> TASK TO COMPLETE
All of the records should be given again exactly as they appear.
*** INPUT DATA Section Begins ***
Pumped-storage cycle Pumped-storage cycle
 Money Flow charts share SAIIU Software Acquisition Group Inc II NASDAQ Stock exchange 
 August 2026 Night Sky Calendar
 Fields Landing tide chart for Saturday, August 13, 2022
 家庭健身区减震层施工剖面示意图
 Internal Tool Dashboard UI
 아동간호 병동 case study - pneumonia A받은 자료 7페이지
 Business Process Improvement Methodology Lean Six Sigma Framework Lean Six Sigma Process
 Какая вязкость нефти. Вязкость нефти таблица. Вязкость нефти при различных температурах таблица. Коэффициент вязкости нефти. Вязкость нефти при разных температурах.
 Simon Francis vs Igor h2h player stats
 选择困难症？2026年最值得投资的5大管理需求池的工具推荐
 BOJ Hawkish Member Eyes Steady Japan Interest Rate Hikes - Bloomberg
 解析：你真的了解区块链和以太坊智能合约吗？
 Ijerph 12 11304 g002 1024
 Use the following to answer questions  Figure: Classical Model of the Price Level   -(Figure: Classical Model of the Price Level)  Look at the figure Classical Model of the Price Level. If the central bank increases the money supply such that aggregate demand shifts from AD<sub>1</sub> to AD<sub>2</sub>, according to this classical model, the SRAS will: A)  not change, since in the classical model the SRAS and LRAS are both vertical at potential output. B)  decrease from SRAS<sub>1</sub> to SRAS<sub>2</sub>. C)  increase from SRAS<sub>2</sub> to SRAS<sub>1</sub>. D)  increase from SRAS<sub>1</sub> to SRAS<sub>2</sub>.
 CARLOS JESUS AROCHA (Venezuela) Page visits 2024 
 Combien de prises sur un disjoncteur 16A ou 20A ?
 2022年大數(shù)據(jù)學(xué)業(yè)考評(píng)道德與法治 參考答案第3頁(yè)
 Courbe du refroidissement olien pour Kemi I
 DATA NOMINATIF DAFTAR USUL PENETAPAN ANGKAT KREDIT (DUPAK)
*** INPUT DATA Section Ends ***
> ANSWER TO THE EXERCISE
Pumped-storage cycle Pumped-storage cycle
 Money Flow charts share SAIIU Software Acquisition Group Inc II NASDAQ Stock exchange 
 August 2026 Night Sky Calendar
 Fields Landing tide chart for Saturday, August 13, 2022
 家庭健身区减震层施工剖面示意图
 Internal Tool Dashboard UI
 아동간호 병동 case study - pneumonia A받은 자료 7페이지
 Business Process Improvement Methodology Lean Six Sigma Framework Lean Six Sigma Process
 Какая вязкость нефти. Вязкость нефти таблица. Вязкость нефти при различных температурах таблица. Коэффициент вязкости нефти. Вязкость нефти при разных температурах.
 Simon Francis vs Igor h2h player stats
 选择困难症？2026年最值得投资的5大管理需求池的工具推荐
 BOJ Hawkish Member Eyes Steady Japan Interest Rate Hikes - Bloomberg
 解析：你真的了解区块链和以太坊智能合约吗？
 Ijerph 12 11304 g002 1024
 Use the following to answer questions  Figure: Classical Model of the Price Level   -(Figure: Classical Model of the Price Level)  Look at the figure Classical Model of the Price Level. If the central bank increases the money supply such that aggregate demand shifts from AD<sub>1</sub> to AD<sub>2</sub>, according to this classical model, the SRAS will: A)  not change, since in the classical model the SRAS and LRAS are both vertical at potential output. B)  decrease from SRAS<sub>1</sub> to SRAS<sub>2</sub>. C)  increase from SRAS<sub>2</sub> to SRAS<sub>1</sub>. D)  increase from SRAS<sub>1</sub> to SRAS<sub>2</sub>.
 CARLOS JESUS AROCHA (Venezuela) Page visits 2024 
 Combien de prises sur un disjoncteur 16A ou 20A ?
 2022年大數(shù)據(jù)學(xué)業(yè)考評(píng)道德與法治 參考答案第3頁(yè)
 Courbe du refroidissement olien pour Kemi I
 DATA NOMINATIF DAFTAR USUL PENETAPAN ANGKAT KREDIT (DUPAK)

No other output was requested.